L’Essor : Justement, vous parlez de victimes. La Gendarmerie participe aussi à leur décompte. Comment appréhendez-vous cette mission particulière et quel est le rôle des gendarmes ?
« On préfère parler de disparus, car pour l’instant, ce sont des victimes disparues. Mais cette mission ne nous incombe pas directement. C’est l’Etat qui la prend en compte, avec un sous-préfet qui est chargé de cette mission spécifique, en lien avec les élus et les autorités religieuses de l’archipel. Ce travail et les investigations réalisées permettent d’arriver à un décompte des disparus le plus fiable possible.
Les équipes d’identification des victimes sont postées à l’hôpital de Mamoudzou. Mais il faut aussi prendre en compte la dimension religieuse et cultuelle qui demande des investigations. Il y a une très grande différence avec l’Hexagone, puisqu’à Mayotte, les gens ne vont pas déclarer naturellement les disparus. D’où la complexité de faire un décompte précis. Les investigations à mener sont aussi importantes. C’est un vrai défi. Il y a des levées de doute à faire, car il peut y avoir aussi des mauvaises informations. Par exemple, une source fiable indiquait mercredi un endroit où il y aurait une soixantaine de cadavres, et finalement il n’y avait rien.
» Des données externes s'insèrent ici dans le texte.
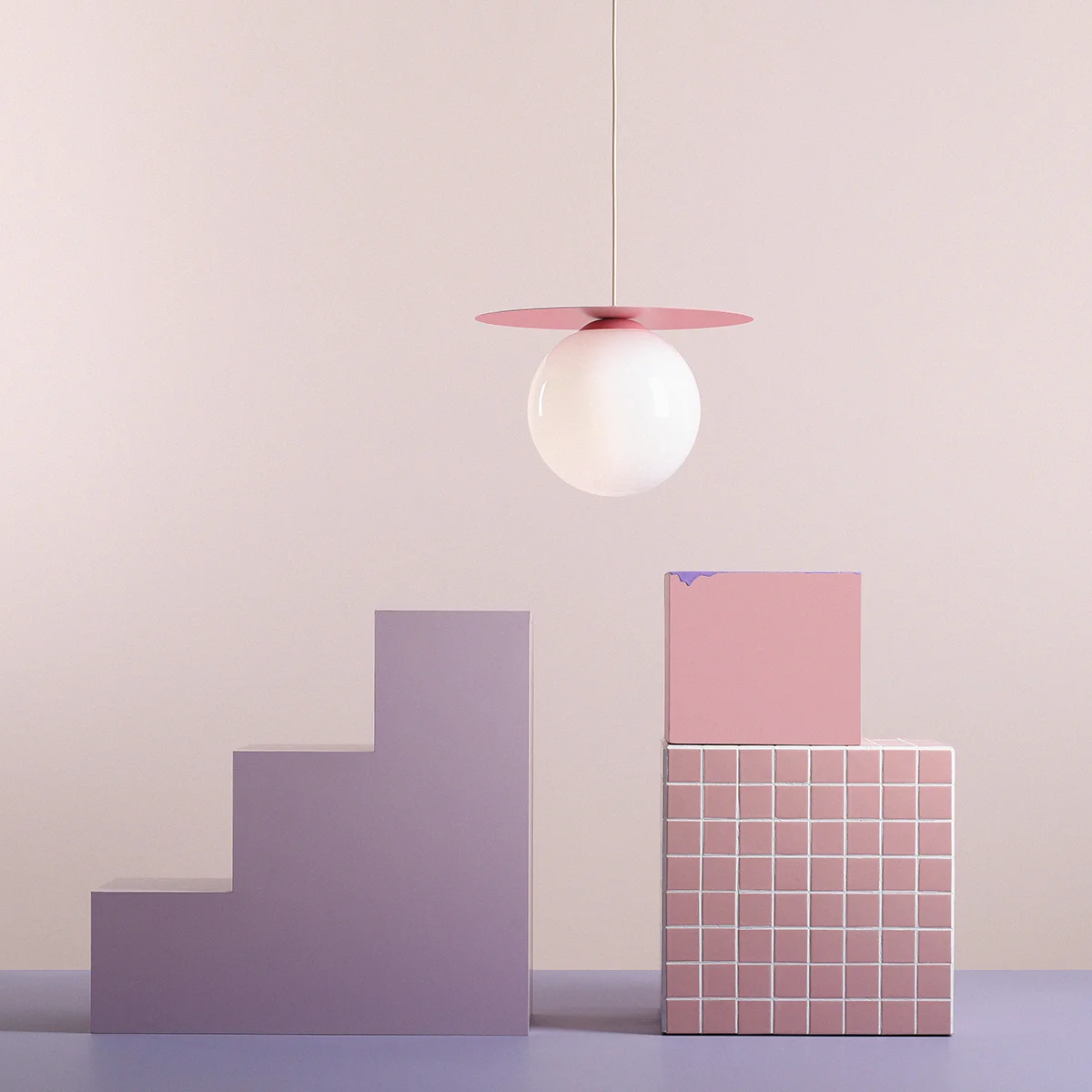 Lampa wisząca Loop Baby Pink L z kloszem w kształcie kuli, umieszczona na różowej podstawie. Produkt wisi nad geometrycznymi elementami w odcieniach fioletu i różu, na jasnym tle. Klosz wykonany z przezroczystego szkła, metalowe detale w kolorze różowym.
C’est une mission essentielle mais qui n’est pas évidente à réaliser.
Dans le cadre de cette mission là, nous participons au titre du renseignement, comme les autres services de l’Etat, aux côtés des pompiers et de l’hôpital. Mais je le redis, ce n’est pas une mission qui nous est spécifiquement confiée. Notre mission principale, c’est préserver l’ordre public ».
L’Essor : Quel est l’effectif global des gendarmes pour l’outre-mer actuellement ?
Si l’on ajoute les 400 gendarmes envoyés en renforts à Mayotte, en comptant les personnels affectés dans les territoires ultramarins, les 1.600 réservistes d’outre-mer et les gendarmes mobiles, ainsi que les renforts en mission courte durée (appui aux opérations) on va arriver à 9.700 gendarmes.
La particularité des outre-mer est que l’on confère aux territoires ultramarins une vraie autonomie pour leur permettre de répondre au quotidien et dès les premières heures d’une crise. Et ensuite, on arrive avec des renforts. C’est le cas à Mayotte. On a déjà une capacité à pouvoir répondre, et on engage des renforts. On ne part pas de rien.